2022 SCO Summit: Chinese President Xi Jinping to meet Iranian counterpart Ebrahim Raisi in Samarkand


Samarkand, September 16: Chinese President Xi Jinping is due to meet Iranian President Ebrahim Raisi on Friday at the SCO summit in Samarkand. Following the meeting with Russian President Vladimir Putin, Chinese President Xi Jinping is due to meet Iranian President Ebrahim Raisi, Chinese state media reported.

The 22nd Summit of the Council of Heads of Member States of the Shanghai Cooperation Organization (SCO-CoHS) is due to begin Friday in Samarkand, Uzbekistan, after two years of the COVID-19 pandemic.

The meeting between the two leaders comes in the wake of waning optimism about reviving the Iran nuclear deal with the United States, which pulled out of the deal in 2018, and has not yet got Tehran’s response to Washington’s proposal to investigate traces of undeclared activities. nuclear material.

Much of China’s game in the Middle East will be successful when Iran remains isolated and continues to evade sanctions.
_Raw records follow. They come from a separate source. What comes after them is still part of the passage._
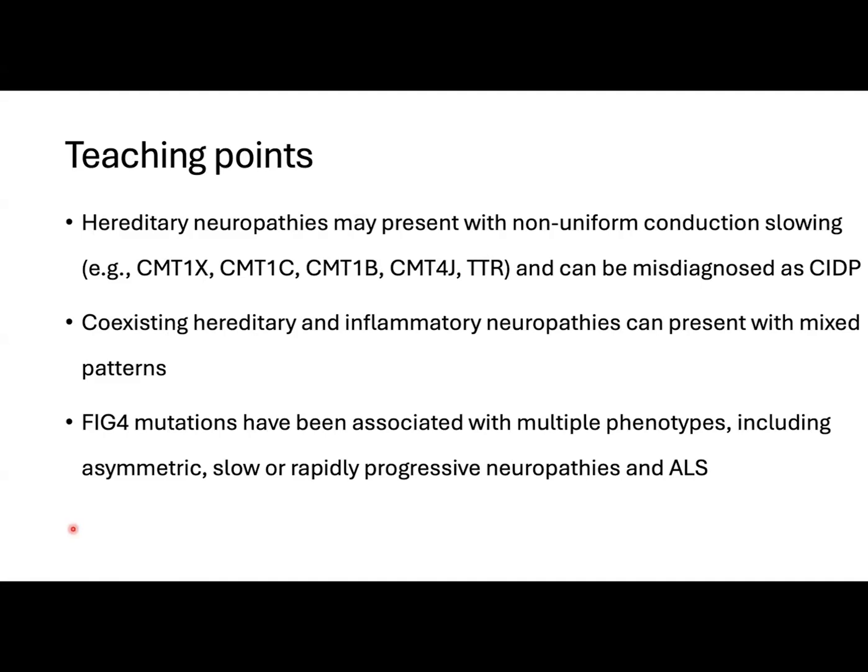Hereditary and acquired neuropathies can coexist and present with unusual electrophysiologic patterns. So in patients showing a rapid or stepwise progression, an acquired neuropathy should be suspected.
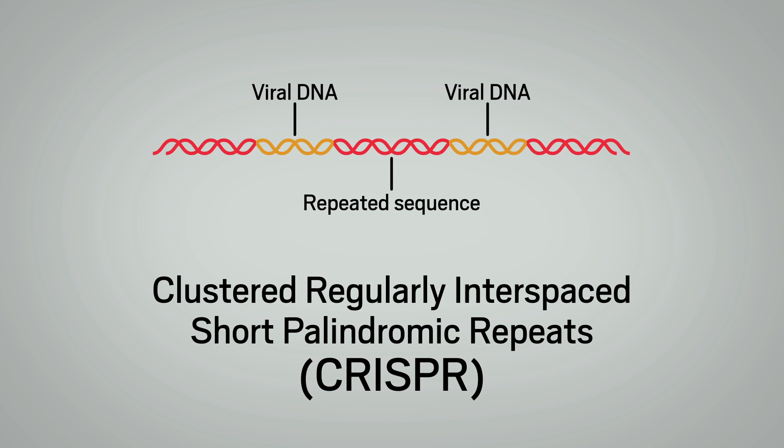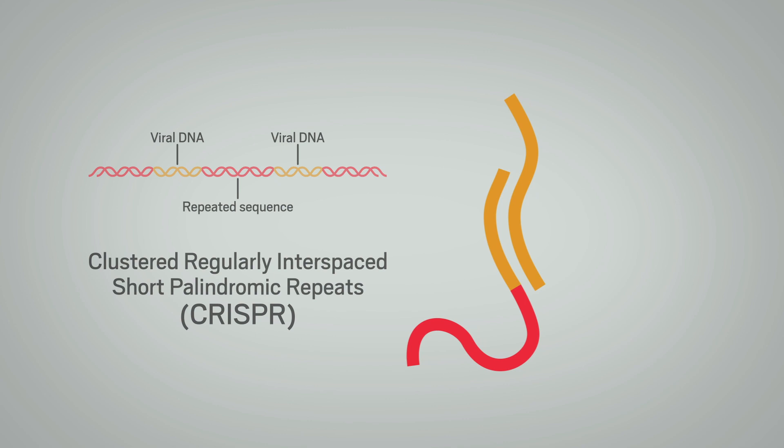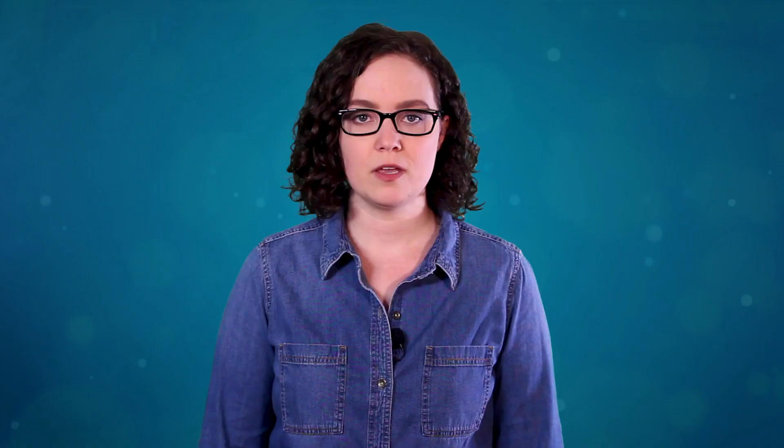If the virus attacks again, the bacteria use those CRISPR segments as a template to create strands of RNA that home in on the corresponding sequence in the virus's genome. The CRISPR-RNA carries along a protein called Cas9 to the target location on the DNA. The protein disarms the virus by cutting its DNA at that spot.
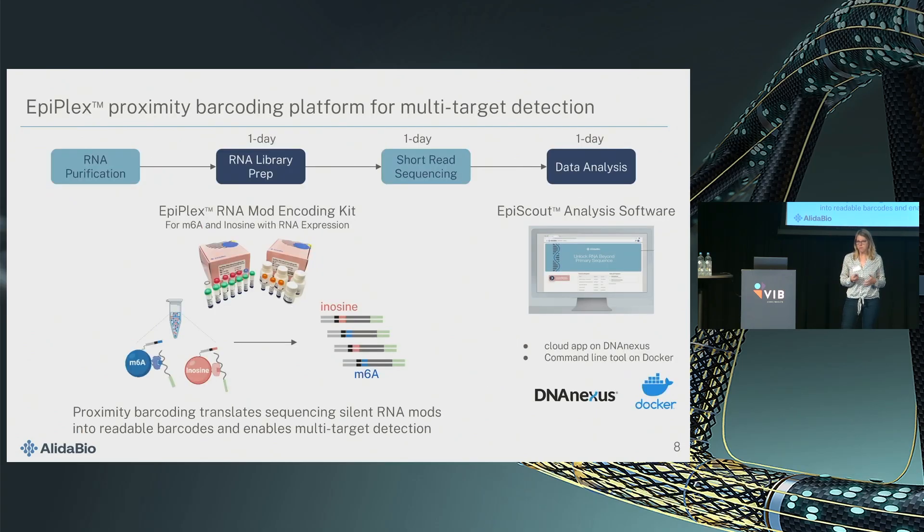Here's our EpiPlex platform. It has two components: an RNA library prep kit and the EpiScout analysis software. The idea is really to give researchers a complete end-to-end solution that gets you in three days from purified RNA to results. The RNA library prep kit is based on proximity barcoding — some of you might know this from the O-link technology. You have a molecular recognition element, in this case a protein binder, that specifically recognizes the modification. Then we transfer a barcode to the target RNA, and this barcode is read together with the RNA sequence to infer the identity of the modification. Proximity barcoding is inherently scalable and enables targeting multiple modifications in one reaction, which saves input amount.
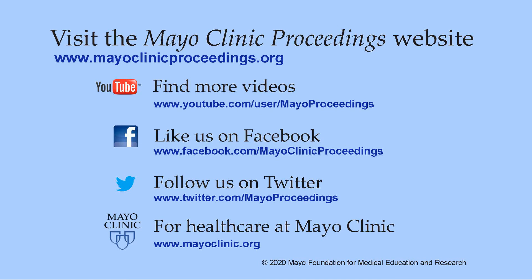We hope you found this presentation valuable. Our journal's mission is to promote the best interests of patients by advancing the knowledge and professionalism of the physician community. For more information, visit www.mayoclinicproceedings.org, where you'll find additional videos on our YouTube channel, journal updates on Facebook, and our Twitter feed. More information about health care at Mayo Clinic is available at www.mayoclinic.org. This video content is copyrighted by Mayo Foundation for Medical Education and Research.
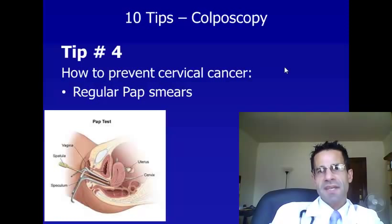Tip number four. My second tip for preventing cervical cancer is for women to get regular pap smears. The current guidelines are to get your first pap smear at age 21 and your last pap smear at age 65. Up until age 30, you should get pap smears every three years. And then at age 30, if your pap smears have been normal, get pap smears every five years combined with the HPV virus test, starting at age 30 every five years.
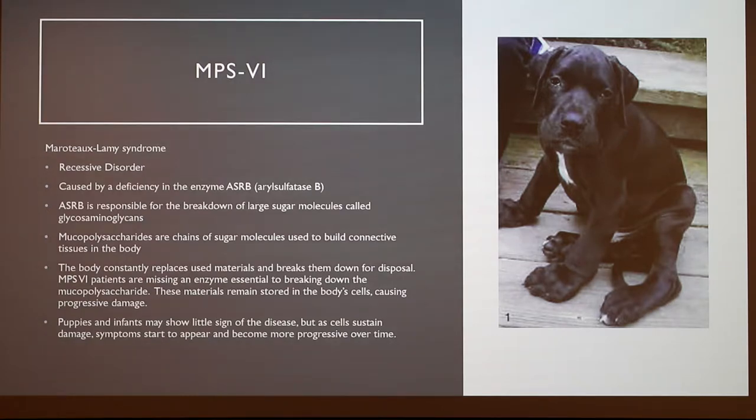The body is supposed to be constantly replacing old cells with new ones, and to do that, parts of the cells must be broken down and disposed of so that new parts can be formed properly. So when this is happening in these dogs, they are missing those enzymes that break down those polysaccharides, and those materials remain stored in the cells, causing progressive damage over time. Puppies don't really show signs of this disease, so a lot of times someone will buy a dog from a breeder and have no idea. Then around two years of age, they start to develop pretty noticeable and awful symptoms that affect the dog's life and become worse over time.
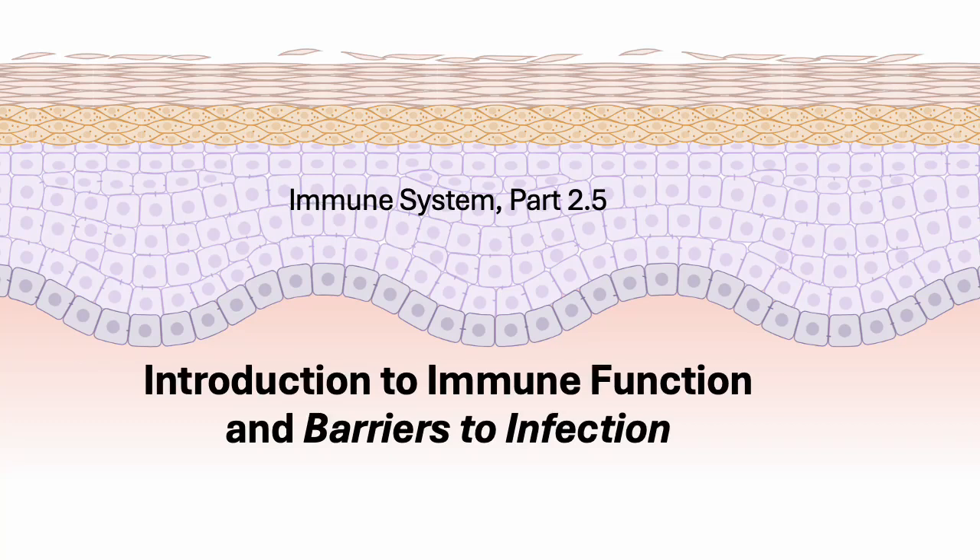Hi folks. We've set the stage for understanding how our immune response works because we've talked about the lymphatic organs that are involved, both the primary and secondary organs. We've talked about the different kinds of white blood cells that you find in plasma that can then migrate out of the bloodstream. They literally squeeze between the cells that line the capillaries, which you'll remember are called endothelial cells.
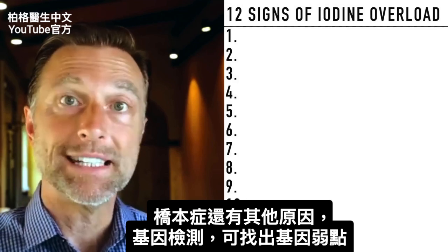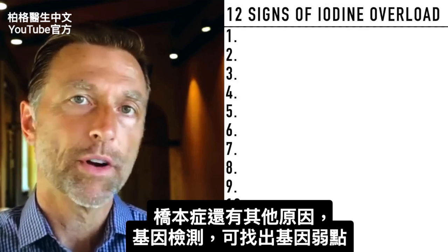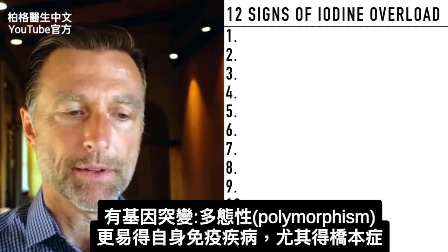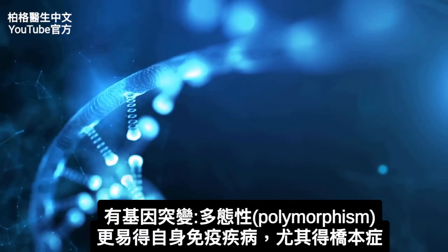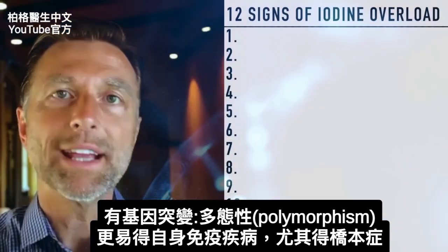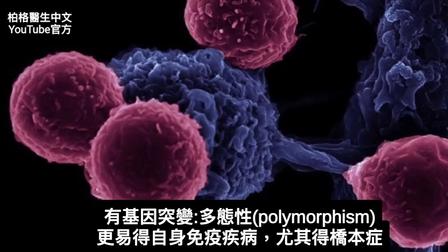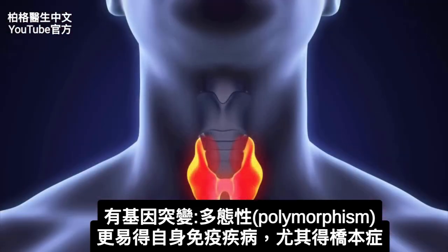With the advent of DNA testing, you can now get your DNA tested and find out where your weaknesses are. If there's some type of mutation in your genes — called a polymorphism — you can also have a weakness or a higher risk factor of getting an autoimmune disease, especially to your thyroid, and that's called Hashimoto's.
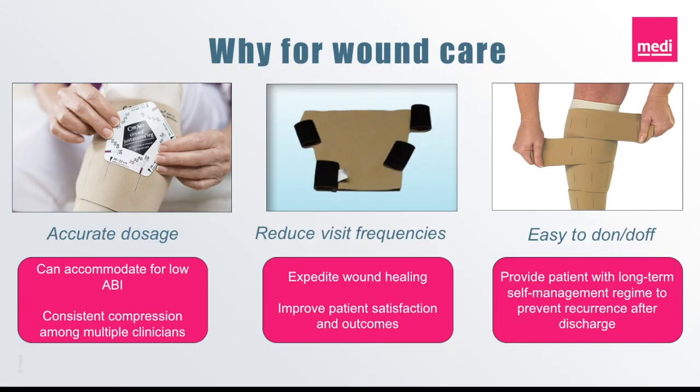When it comes to wound care, accurate dosage can be paramount in making sure you have the right amount of compression to address vein disease while compensating for any arterial disease that is present. If the venous system is able to receive the proper dosage of compression consistently and between visits, wound healing can be expedited considerably. Also, donning and doffing is made simple for patients who are needing to manage their swelling independently after the wound is healed.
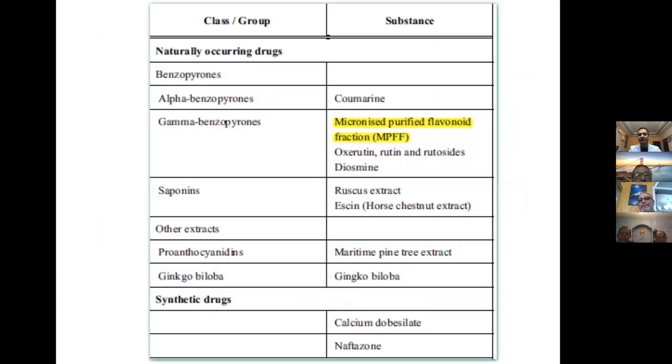Looking at what drugs are mainly used — the only drug which has some studies is MPFF, and there are two trade names available: daflon and venosumine. But in my practice I don't use them, though there are a lot of doctors who use these drugs in their varicose vein patients.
China also sees Iran as a friend who can fulfill its two main objectives – strategic and energy security, Al Arabiya Post reported. SCO Summit 2022: What is the SCO? Why is Prime Minister Narendra Modi’s presence at his Samarkand summit important?

The longer Iran’s nuclear deal remains unresolved; Tehran remains isolated on the international stage – a perfect condition for China to suck the Middle Eastern country into its game plan in the Indo-Pacific region. Already placed under the aegis of the China-dominated Shanghai Cooperation Organization (SCO) and awaiting inclusion in the BRICS, Iran finds in the authoritarian regime in Beijing an ally who can help it overcome its economic crisis and to emerge from international isolation.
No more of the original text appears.